History of the choir
The choristers, both girls and boys, come from many different state schools across Liverpool and the diocese. Over the years, our choir has built a strong reputation; performing at numerous special services, concerts, broadcasts and recordings. The choir has toured extensively including some very successful recent concert tours to the USA, Malta, Germany and Portugal. The boys and girls of the choir sing most of the choral services six days a week.
Over its life span, the choir membership has included more than 2000 boys and a growing number of girls, many of whom have gone on to eminent careers including doctors, lawyers, composers, organists and directors of music. The choir has worked with many famous musicians, including former Beatle Sir Paul McCartney who, despite having failed his audition for the choir in the 1950s, returned to the Cathedral to collaborate with the choir several times - most notably in performances of the ‘Liverpool Oratorio’ and 'Ecce Cor Meum'.
The Cathedral Choir was founded when the Diocese of Liverpool was founded in 1880 and the Parish Church of Saint Peter became the first Cathedral of the Diocese. In 1904 work began on Giles Gilbert Scott’s great new Cathedral and in 1910 the first portion, the Lady Chapel, came into full use. Regular choral services in the new Cathedral, sung by a choir of boys and men began.

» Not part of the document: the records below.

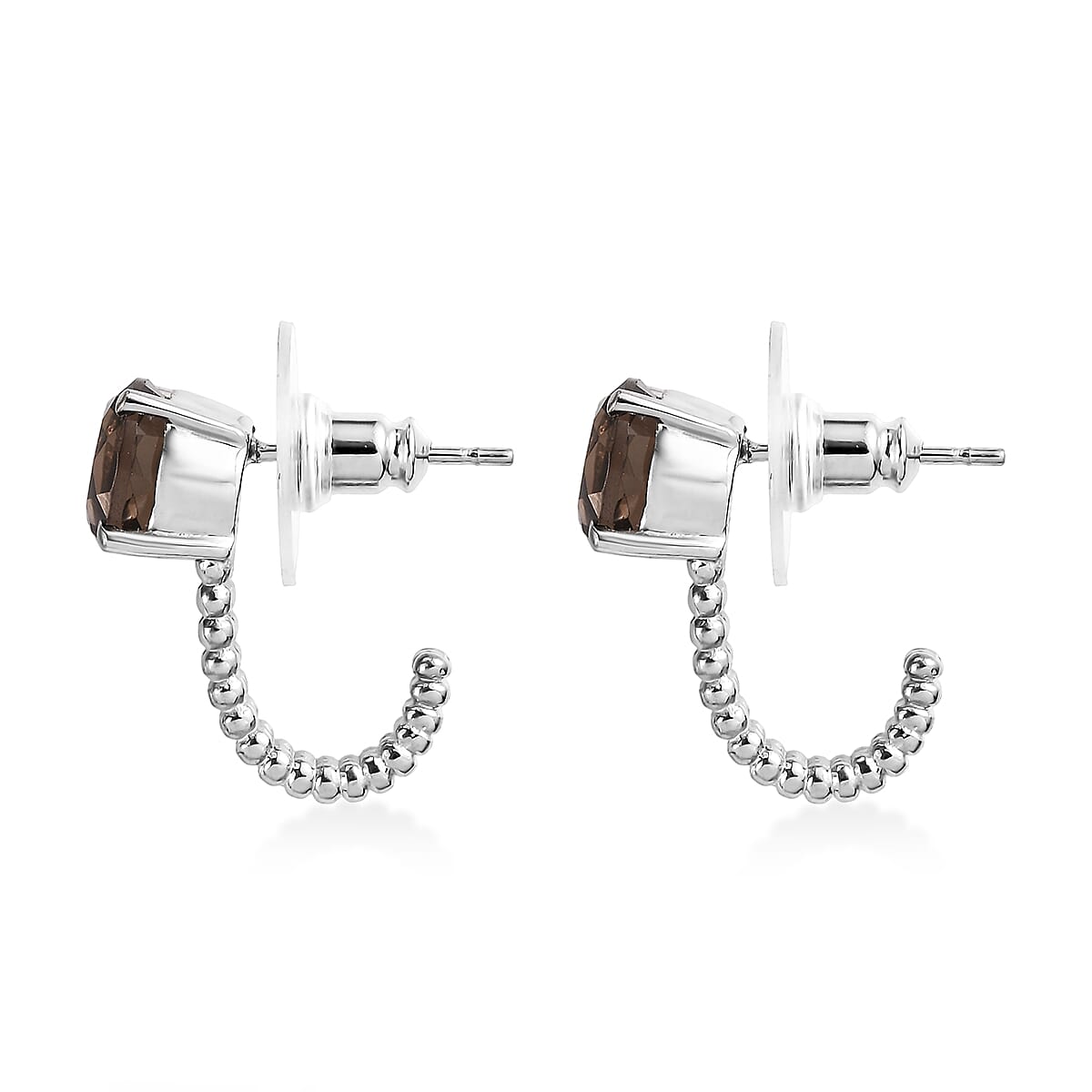 Brazilian Smoky Quartz 4.00 ctw J Hoop Earrings in Stainless Steel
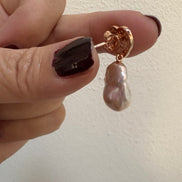 Orecchini con cuori argento 925  rosé e perle barocche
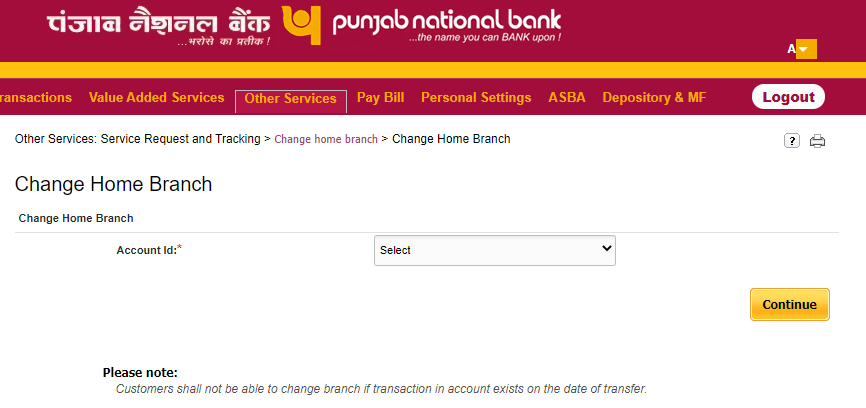 Online PNB Khata Transfer Kare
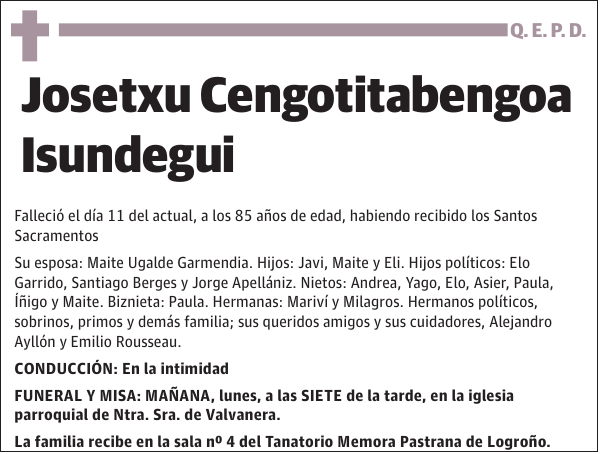 Josetxu Cengotitabengoa Isundegui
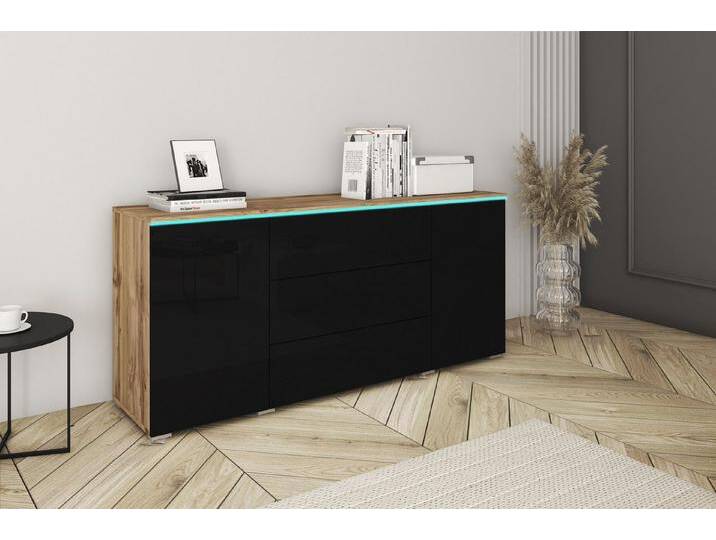 INOSIGN Sideboard VERA, grifflos, verstellbare Einlegeböden, Wahlweise mit oder ohne Beleuchtung, braun schwarz, mit Beleuchtung von Inosign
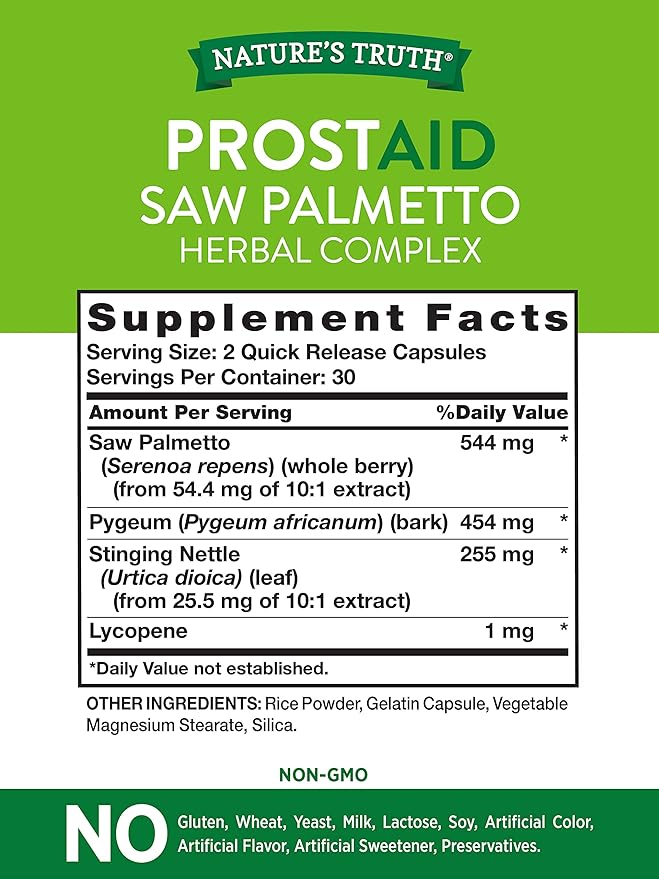 Nature's Truth Prostate Support Supplement | 60 Capsules | Saw Palmetto Herbal Complex | Non-GMO and Gluten Free Prostaid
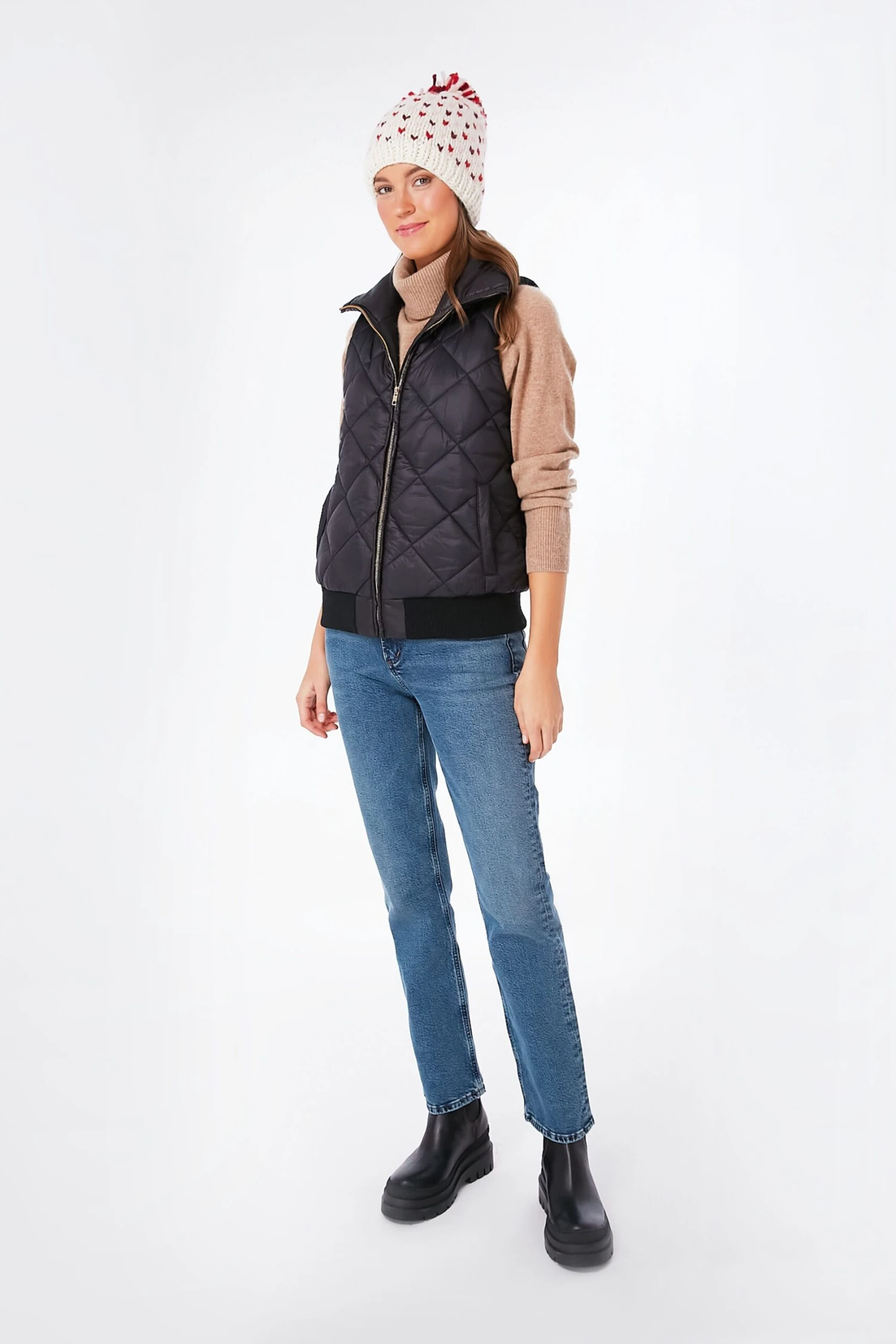 Lollipop Red Hand Knitted Multi Mini Heart Pompom Hat 5 Lollipop Red Hand Knitted Multi Mini Heart Pompom Hat - Image 3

They sustained daily worship in the Cathedral Lady Chapel for the next fourteen years, until the first bay of the main Cathedral was completed in 1924. Daily choral services were maintained until the outbreak of the Second World War, at which time the number of choral services was reduced. The pattern of choral services six days a week was re-established with the boys and Lay Clerks singing each day apart from Wednesday. In September 2003, to mark the centenary of Scott’s Cathedral in 2004, the girls’ choir was founded. Since 2020, the choir´s adult singers now comprise six Choral Scholars and six Vicars Choral.